At this year’s World Economic Forum in Davos, key themes for discussion included addressing climate change, rising inequality and of course the global economic outlook as a whole.
But what do consumers in Britain themselves make of these topics – big themes that can have significant ramifications for how advertisers can best target consumers? Using findings from our TGI Consumer Data we can assess not only what consumers today think but also how attitudes have changed in recent years.
Growing support for equality
When it comes to equality, support for this has seen significant growth in recent years. In 2014 61% of adults agreed ‘I think we should strive for equality for all’ and this has grown to 71% today.
Equality can of course take many forms, from gender to economic and beyond. As far as equality between the sexes is concerned, TGI Consumer Data reveals that today 86% of adults agree that women are just as capable as men at being leaders, although only 40% feel men and women are given equal opportunities – up slightly from 37% two years ago.
Greater engagement with environmental issues – but a suspicion not everyone is on board
Only 18% of adults think that there is too much concern with the environment and this has declined slightly since 2014. On the other hand, the proportion of adults who say they are prepared to make lifestyle compromises to benefit the environment has grown significantly over the same time period, from 34% in 2014 to 49% today.

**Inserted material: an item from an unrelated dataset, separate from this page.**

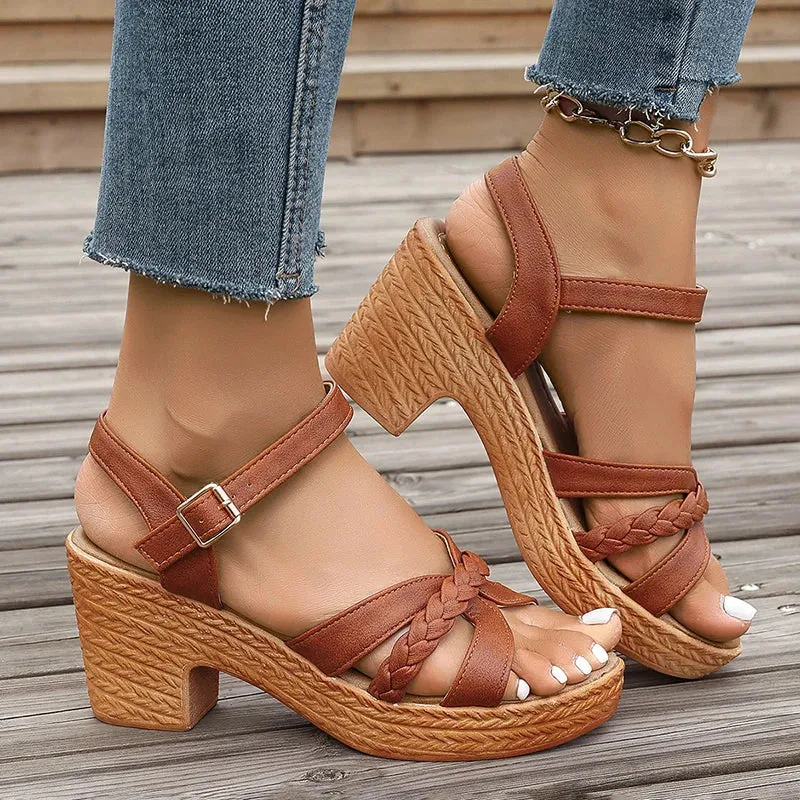 Women Platform Sandalias Cross Band Chunky Heeled Sandles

However, the sense that if others don’t pull their weight on environmental issues then they shouldn’t either remains significant and shows no sign of declining. Agreement with ‘It’s not worth me doing things to help the environment if others don’t do the same’ is up slightly from 19% in 2014 to 21% today.
Trust in banks and awareness of personal finance is on the up
Two-thirds of adults today say that they spend money more carefully than they used to – a figure which has remained fairly static in recent years. In the same vein, for a little over a quarter of consumers, the economic forecast has a significant conscious impact on their expenditure. 29% of adults agree ‘The economic outlook heavily affects my purchasing behaviour’ and this has remained relatively consistent over the last few years.
People are seemingly taking a greater interest in finance generally. In 2015 62% of adults agreed ‘I am more aware of personal finance than I used to be’, growing to 66% today.
At the same time, trust in banks and building societies continues to grow. In 2014 39% of adults agreed ‘I trust banks/building societies to look after my money’. But as memories of the huge downturn of 2008 and associated bank culpability fade, this has grown to 48% by 2017 and 53% today.